Every year around this time, I like to revisit all the past winners of my favourite Oscar: Best Original Song. This works out very well for me, because it’s an interesting retread of the changing trends not only in musical history, but in the tastes and values of the Academy over the past ninety years*. It also takes far less long than watching every Best Picture winner, or every winner of any category; with ninety winners to date, the full playlist is less than six hours long. Even the youngest Oscars category, Best Animated Feature, would take about a day and a half non-stop to watch in full.
Anyway, when you listen to ninety-odd songs in chronological order like that, year after year, you can’t help but start to notice some patterns. Well, I can’t, anyway, and now that I’ve noticed them I’d like to share with them you, too. You see, you can easily divide these songs into eras, each lasting around a decade or two.
1. The Great American Songbook: 1934-1959
In this era, you’ll see the same songwriters coming up over and over: Harry Warren, Jerome Kern, Harold Arlen, Irving Berlin, Jimmy Van Heusen, Sammy Cahn, Evans & Livingston, Richard Rodgers and Oscar Hammerstein.

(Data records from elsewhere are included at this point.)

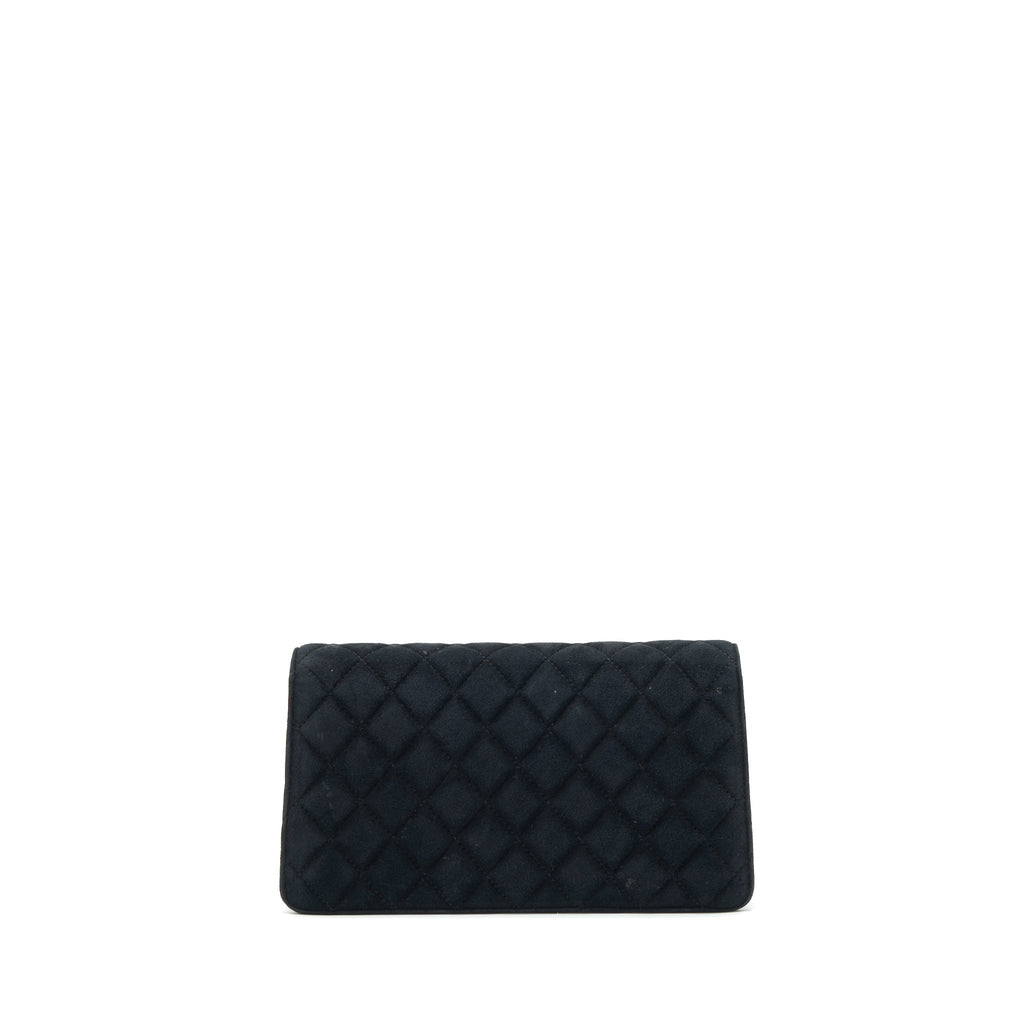 CHANEL QUILTED VELVET CC LOGO FLAP BAG BLACK LGHW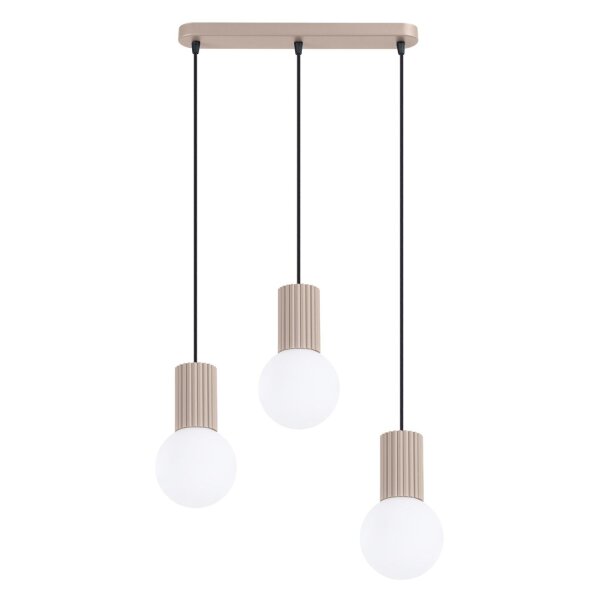 Hängelampe blendarm Glas Aluminium Taupe G9 L:40cm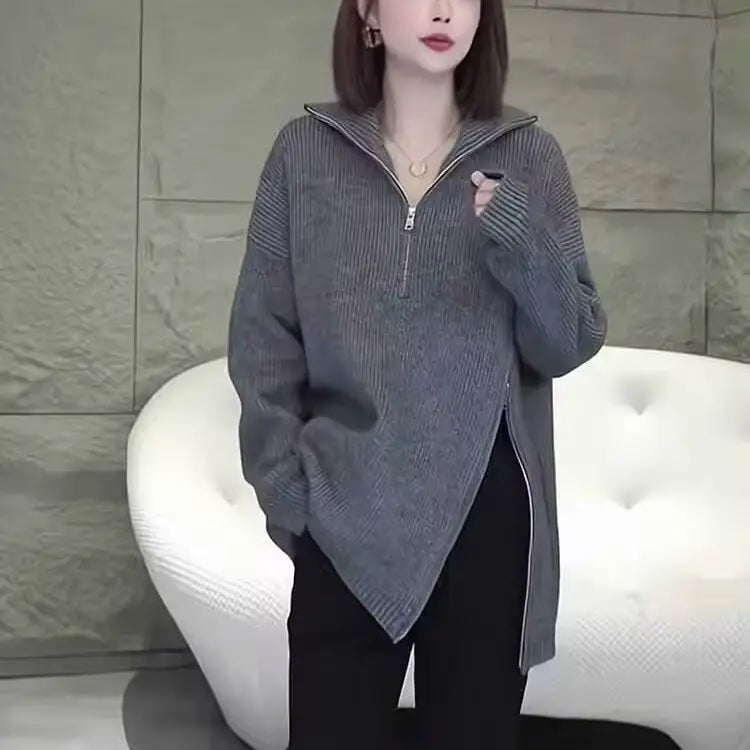 HighNeck Knit Zip
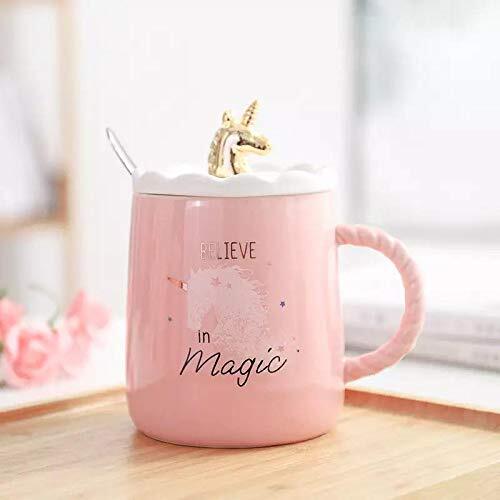 Cherrybox Kapo Unicorn Ceramic Mug With Cute Golden 3D Unicorn Lid & Spoon For Kids Adults Office School Gift (450 Ml) - Color: Multi Color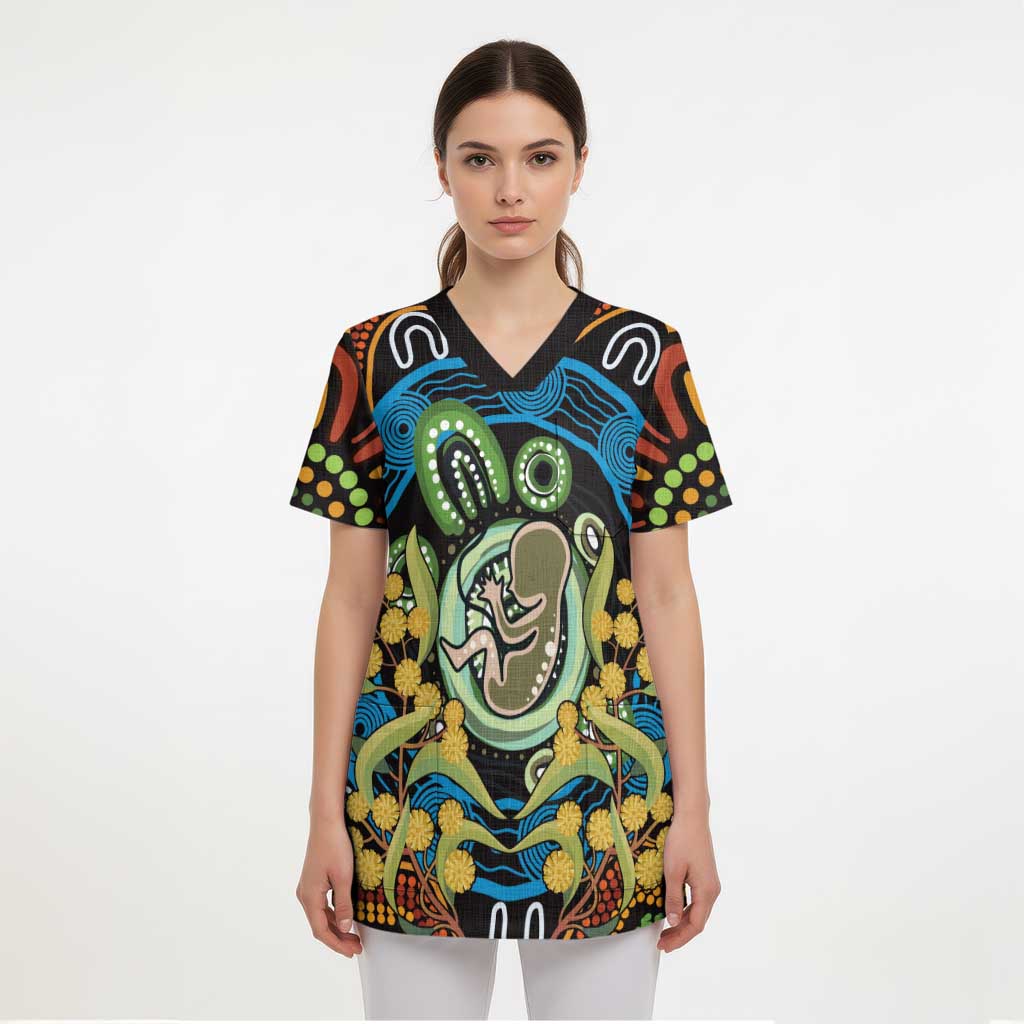 Baby in the Womb Scrub Top Aboriginal Art Style - Aussie Hoodie
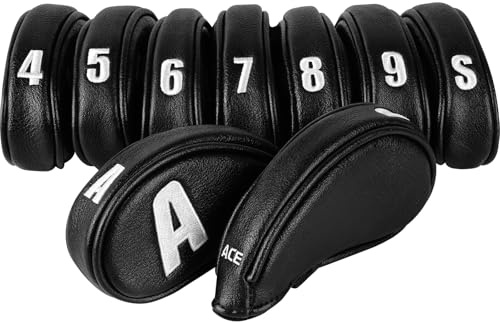 Craftsman Golf 9pcs/set Black Iron Headcover Set Elastic Closure Suitable for Right and Left Handed Golfer with Large and Clear White No.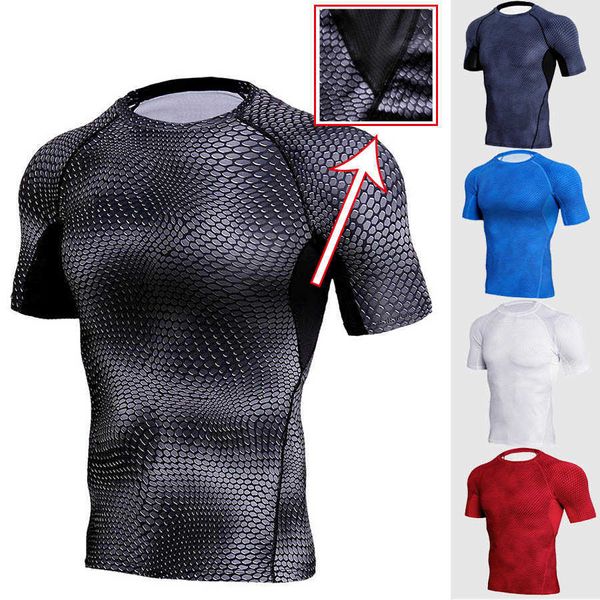 Camisa de compresión de manga corta de serpiente Hombres Jerseys de secado rápido Rashguard Hombre Gimnasios Ropa Fitness Tank Camisetas de hombre MMA 210629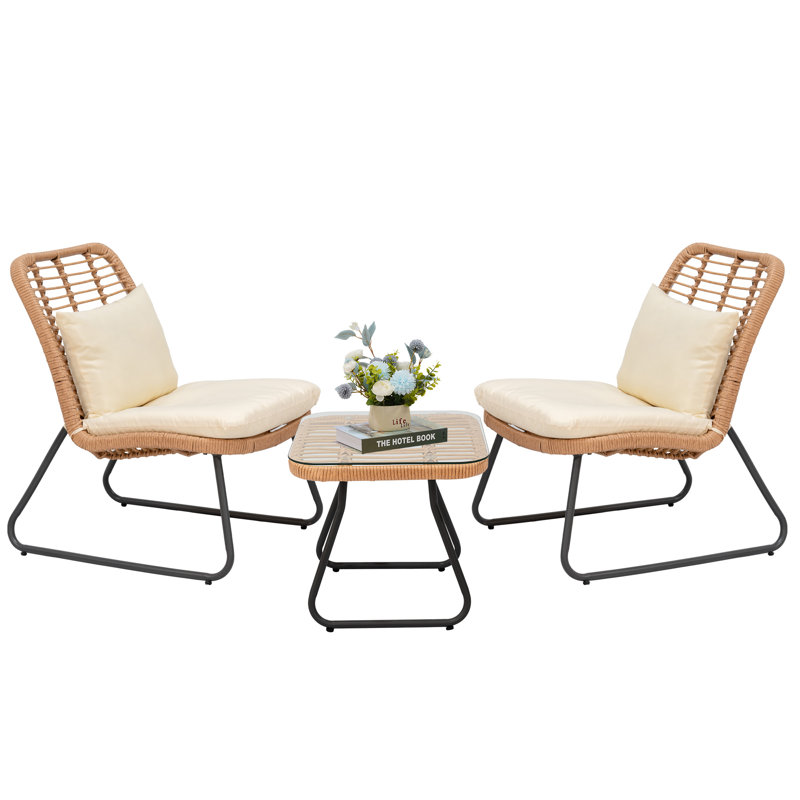 Ensemble de conversation d'extérieur pour 2 personnes avec coussins Arkyn, Beige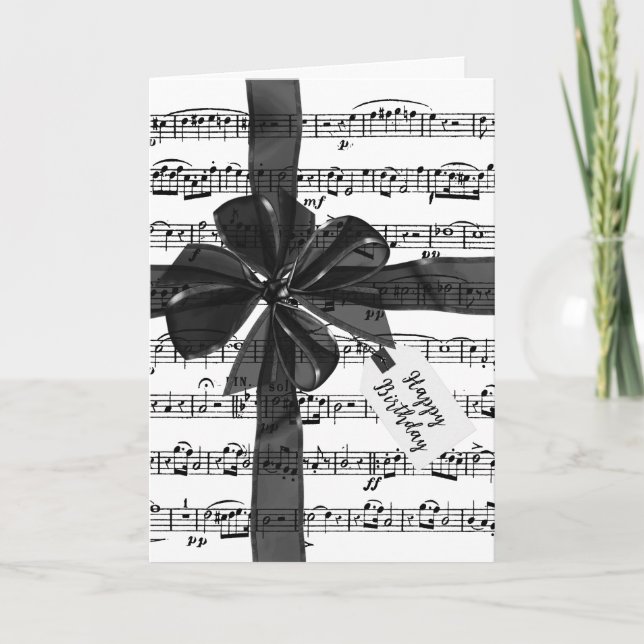 Black Birthday Bow On Music  Card (Front)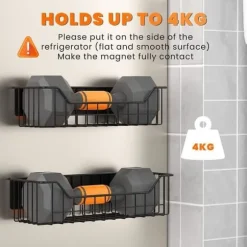 DÄCK Magnetisk kylhylla - 2 delar - Köksförvaring - Kryddhållare i metall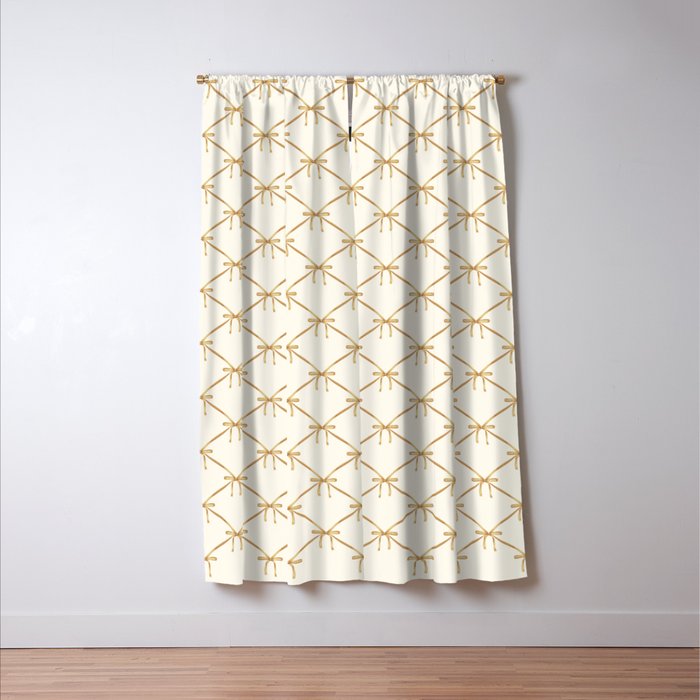 Bows & Ribbons Pattern III Neutral Window Curtain Gallery Image 3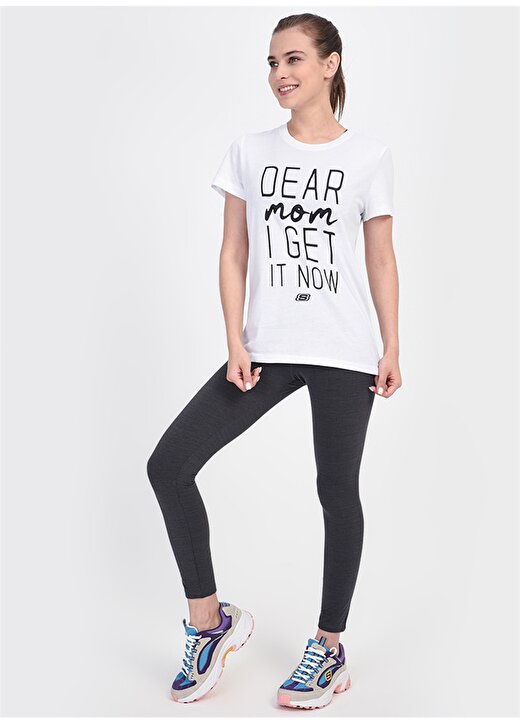 Skechers Graphic Tee''s W Dear Mom Beyaz Kadın T-Shirt 3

Come 1960, and with the sole exception of Van Heusen and Cahn’s “Call Me Irresponsible”, none of these guys ever troubled the Oscars any more, as if in acknowledgment that the 1960s would bring a seismic shift in popular music; the Songbook era was over.
2. The Sophisticated Era: 1960-1969
With the the composers who dominated the 1930s, 40s and 50s dead, retired or banished to irrelevance, a new generation of composers emerged. While the pop charts were being revolutionised by The Beatles, Bob Dylan, The Beach Boys, Motown, Phil Spector, et cetera, et cetera, the more conservative Song category continued to be won by songs in the sophisticated, smooth jazz vocal genre for most of the 60s, but new and exciting composers made themselves heard, primarily Henry Mancini who, with lyricist Johnny Mercer, managed two consecutive wins (“Moon River”, “Days of Wine and Roses”). The Greek Manos Hatzidakis (“Never On Sunday”) became the first non-American to win the award in its 27-year history, followed later by the English John Barry and Don Black (“Born Free”), who were jointly and separately involved in most of the Bond themes for over thirty years, from “Goldfinger” through “The World is Not Enough”; the English music-hall and theatre veteran Leslie Bricusse; and the tireless French composer Michel Legrand. The occasionally-cloth-eared Academy failed to nominate the themes for The Beatles’ Hard Days Night or Help!, but rock made a belated impact on Oscars history in 1968, with The Thomas Crown Affair‘s “Windmills of Your Mind”. It wasn’t exactly authentic, but it undeniably bore the influence of the psychedelic rock and baroque-pop movements that had boomed in 1966-7. Bacharach and David, the most sophisticated of sophisticates, kept the streak going with the country-rock-tinged “Raindrops Keep Fallin’ On My Head”; it’s easy to hear strains of Gram Parsons, Harry Nilsson, and the songs Jimmy Webb wrote for Glen Campbell.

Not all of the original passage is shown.